• RAW DATA
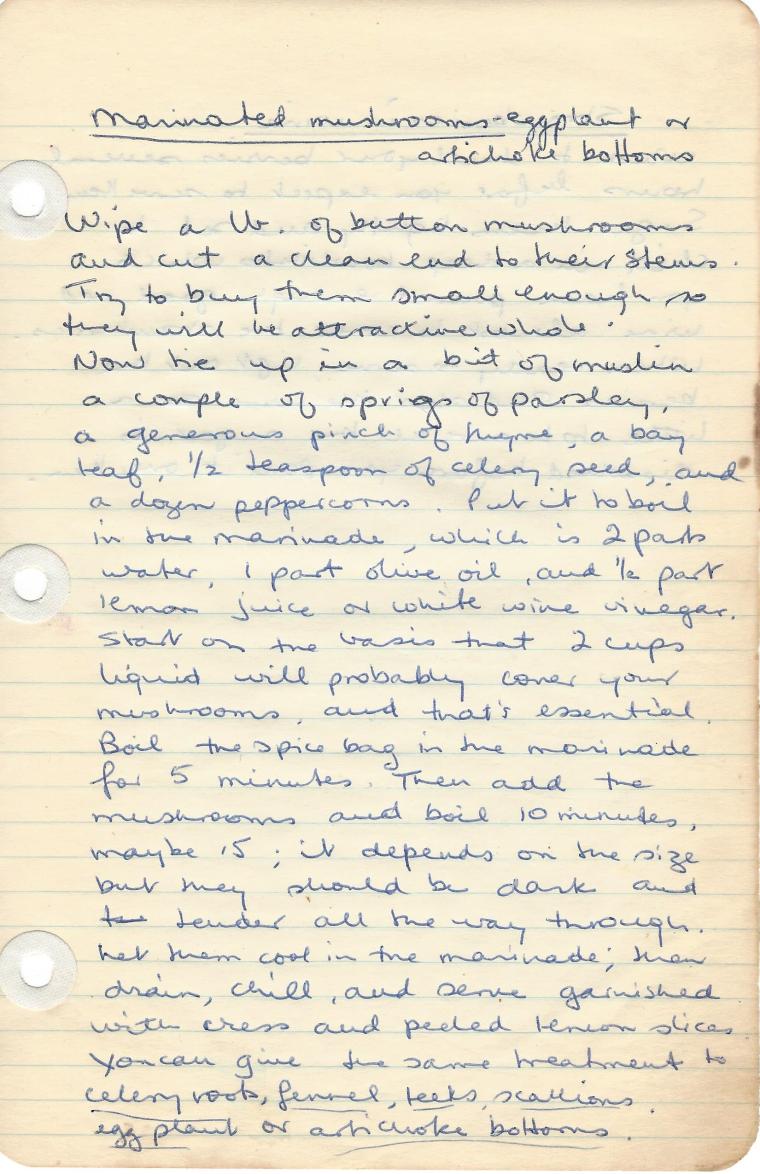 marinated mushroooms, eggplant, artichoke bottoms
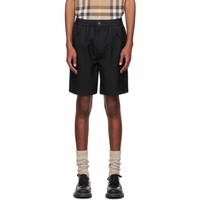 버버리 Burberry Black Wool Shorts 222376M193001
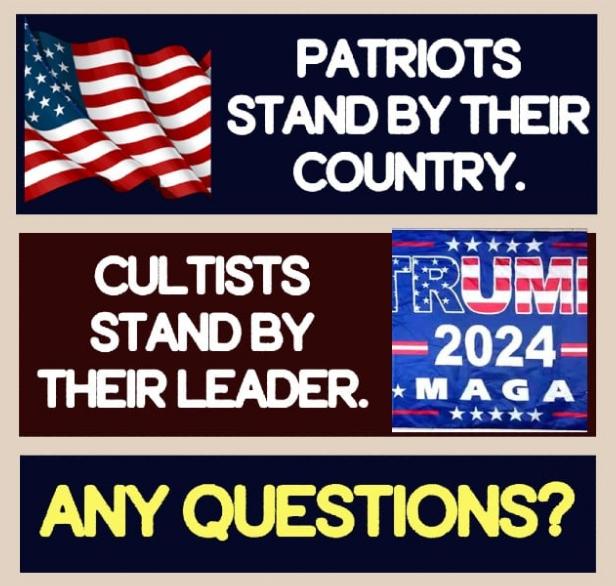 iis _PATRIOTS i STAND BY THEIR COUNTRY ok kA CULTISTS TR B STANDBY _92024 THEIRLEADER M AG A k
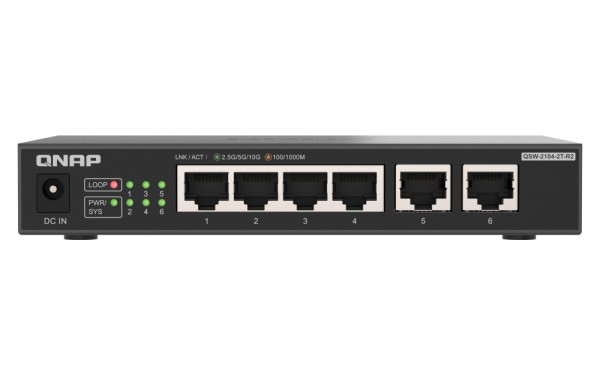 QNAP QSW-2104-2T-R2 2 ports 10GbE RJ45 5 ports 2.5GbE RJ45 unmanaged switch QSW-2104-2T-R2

• WORK REQUEST
Repeat the data in full, exactly as it stands, but drop every picture.

• REPLY TO THE EXERCISE
 marinated mushroooms, eggplant, artichoke bottoms
 버버리 Burberry Black Wool Shorts 222376M193001
 iis _PATRIOTS i STAND BY THEIR COUNTRY ok kA CULTISTS TR B STANDBY _92024 THEIRLEADER M AG A k
 QNAP QSW-2104-2T-R2 2 ports 10GbE RJ45 5 ports 2.5GbE RJ45 unmanaged switch QSW-2104-2T-R2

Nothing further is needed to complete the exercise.